Four days after the levees broke, the possessors of New Orleans were the waters and the looters and thugs who plundered luxury merchandise and shot at policemen and rescue teams. The criminals were largely dispersed by the soldiers who later poured into the city (several were shot dead after bringing rescuers under fire). Engineers have already started pumping the floodwaters back into Lake Pontchartrain. It will seem an agonizingly long time before the water is all pumped out. But the question will remain: What kind of city will be rebuilt?
It could just be an industrial terminal. George Friedman, of stratfor.com, argues that "the ports of South Louisiana and New Orleans, which run north and south of the city, are as important today as at any point during the history of the republic." As in Jefferson's time, this "is where the bulk commodities of agriculture go out to the world and" -- we get beyond 1803 here "the bulk commodities of industrialism come in." Those bulk commodities include oil and natural gas, about one-quarter of the national production of which come through New Orleans and South Louisiana.
Mr. Friedman's argument seems hard to counter. And it is surely within...
(Excerpt) Read more at washtimes.com ...
Just a port?
Works for me.
declare everything except the port and refineries as wetlands. Nothing else can be built except vital infrastructure.
I don't want to have to pay $500 billion in 20 years after the next new orleans disaster.
Well, Madonna already wrote a book about sex, I think you could put a fork in her right there, she's through.
Sure,that's what it has to be.Anything more is frivolous.
Sold off for pennies on the dollar to developers who build a shopping mall replica where tourists can drink and show off their breasts.
What do we do with the half million people whose homes were NOT destroyed in the suburbs? Look at the aerial view-most of Metiarie and some of the other West suburbs are fine.
The Big Empty?
Nagin would like that, the bus races.
Nagin would like that, the bus races.
Classic!
I just mean if they chose to leave NOLA as a port only, the people who still have homes would be at a major disadvantage. Since the city would no longer exist, many of them no longer have a place to work. If their homes were NOT destroyed, then they have no insurance settlement.
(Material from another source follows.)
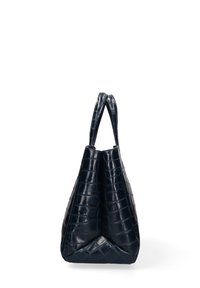 Borsa in finta pelle blu navy con motivo testurizzato a coccodrillo, forma triangolare e doppio manico. Finitura liscia con un fondo strutturato.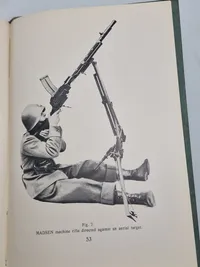 Sjælden original instruktionsbog for Madsen maskingevær mm.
But--they also cannot sell since property values would plummet therefore can't move, either.
New Orleans is hugely valuable. I don't know exactly where it stands, but certainly in the top ten tourist destinations and top five convention destinations in the country. Basically, billions of dollars a year.
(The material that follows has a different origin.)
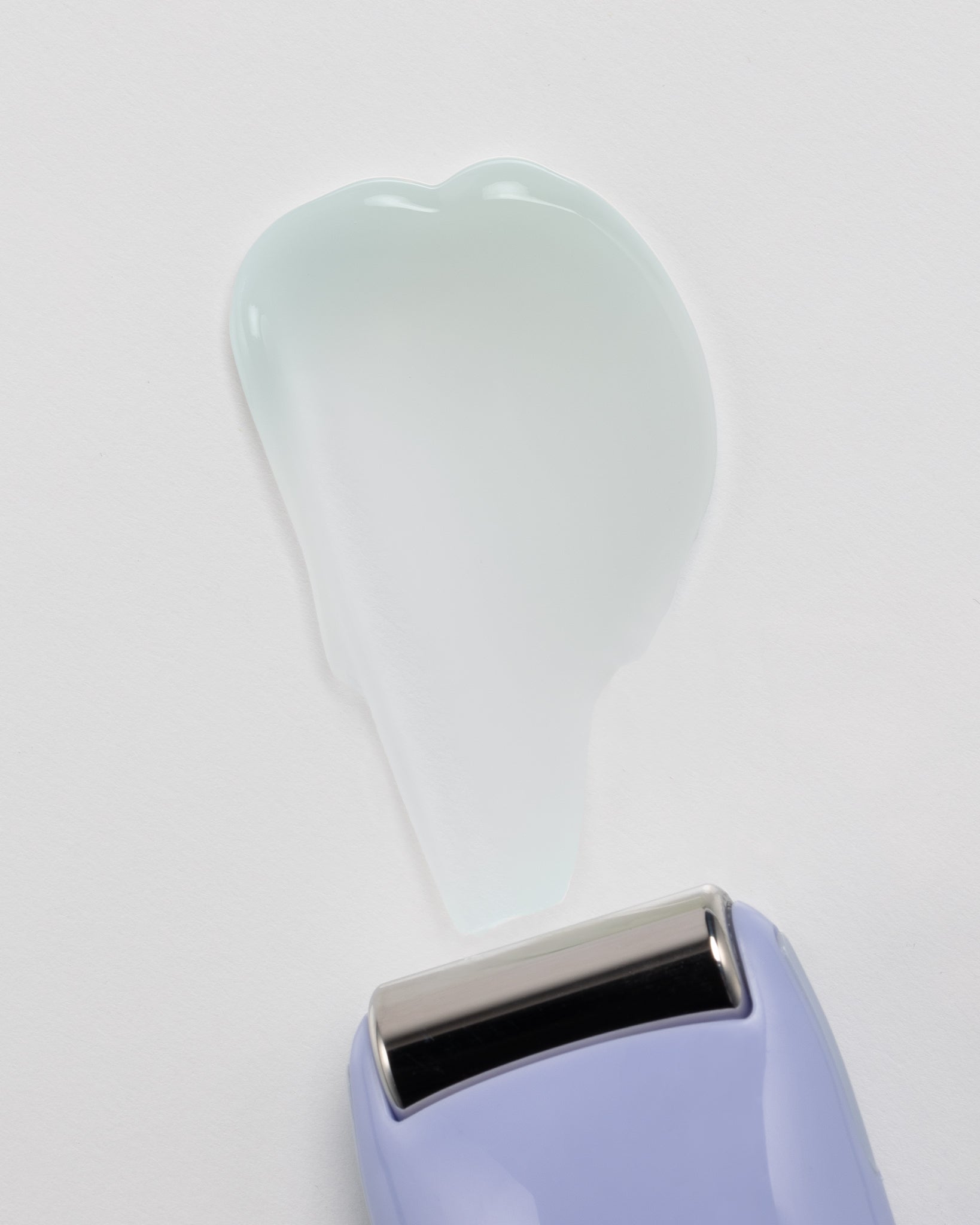 Freeze Tag Ice Roller (Suero facial con aplicador roll-on)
Nobody walks away from billions of dollars a year.
I wonder if they could make insurance claims based on the loss in value? If not, it's either come up with a way to make a living or load up the U-Haul, mail the keys to the bank, and head west, north, or east.
It's going to take a lot of energy and imagination to build the new New Orleans. If these folks want to be part of it, that's terrific. Just not on the government's dime.
It's for them to figure out,not me or you.